Wir fanden den Weg aus der Medina fast auf Anhieb und nahmen uns am Ende gleich wieder ein Petit Taxi zum „Place de Revolution“. Speziell aufdringlich fuhren die Petit Taxis in denen wir Sassen nicht, oder es kommt einem nicht so vor, aber es ist schon ein anderes fahren – wobei die verbeulten Fiat (bei unserem ging die hintere Türe nicht richtig zu) auch nicht so schützenswert sind wie ein Leihwagen ;).

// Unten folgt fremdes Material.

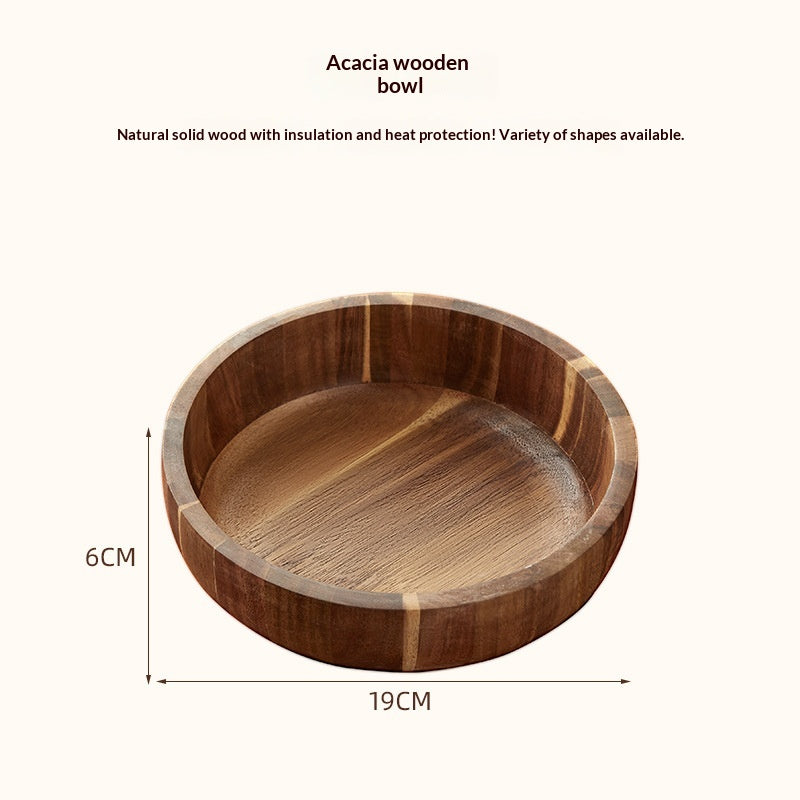 Hand-Painted Acacia Wood Salad Bowl For Home Use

Ein Medinabesuch am Abend ist schon sehr speziell, viele positive Eindrücke konnten wir leider nicht sammeln, aber der Taxifahrer hatte uns gewarnt ... und auch im Reiseführer wird von unbegleiteten Touren abends in der Medina grundsätzlich abgeraten. Zumindest diese Medina in Fes werden wir diesen Urlaub aber nicht mehr bei Tag besuchen. Wir gönnten uns dann einen kleinen Snack an der Strasse und liefen zurück zum Hotel ... sehr müde fielen wir gleich ins Bett, das Internet funktioniert nämlich noch immer nicht.